Reputation: 40
I am working on a program that makes stratigraphic columns for geologists. Rock units by the geologists are coded using 5 parameters: (1) a lithology code (2 characters), (2) primary code (1 character), (3) secondary code (1 character), and (4) tertiary code (1 character). So a rock unit can be coded like:
Ssxrs - making it a rooted and cross-bedded sandstone with a sharp basal contact.
It is easy to parse out 2 characters, 1 character, 1, and 1. But the geologist sometimes code the rock unit like:
Gr-Ss --- where the unit grades upward from a conglomerate to a sandstone, or
Gr/Ss --- where the conglomerate and sandstone are interbedded.
They can do this multiple times like:
Gr-Ss/Ls --- where a conglomerate grades upward to an interbedded sandstone and limestone.
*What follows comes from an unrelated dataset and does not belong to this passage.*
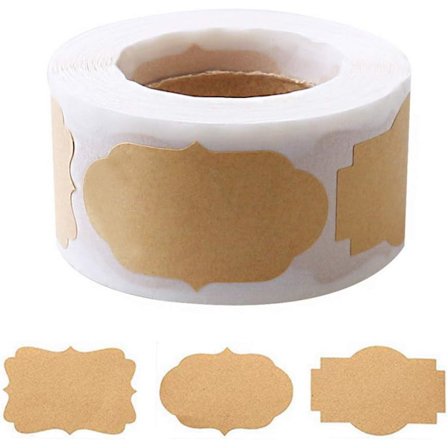 250 stk Gaveklistremerker Navnelapper Klistremerker, Selvklebende Håndlagde Flaske Allsidige Krukke Etiketter for Gaver Kosmetikk Dekorasjon Krukker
Not only do they do this for the lithology codes but also for the primary, secondary, and tertiary codes.
I would like to parse out the 5 code streams and actions (ie. "/" and "-") into a lithology list/array, primary list/array, secondary list/array, and tertiary list/array.
Is this a regex solvable problem?
Upvotes: 0
Views: 97
Reputation: 1478
The regex :
((?:[A-Za-z]{2}[-\/])*[A-Za-z]{2})((?:[A-Za-z][-\/])*[A-Za-z])((?:[A-Za-z][-\/])*[A-Za-z])((?:[A-Za-z][-\/])*[A-Za-z])
will allow you to find the 4 differents code in 4 differents groups : http://rubular.com/r/Y7rlT09soH
Some explanations : first capturing group :
((?:[A-Za-z]{2}[-\/])*[A-Za-z]{2})
will capture, 0 or more time, 2 letters followed by a "-" or a "/", followed by 2 letters. (The "?:" is for no capturing group)
The 3 next capturing group are identical :
((?:[A-Za-z][-\/])*[A-Za-z])
They will do the same as the first one but with only one letter.
Upvotes: 1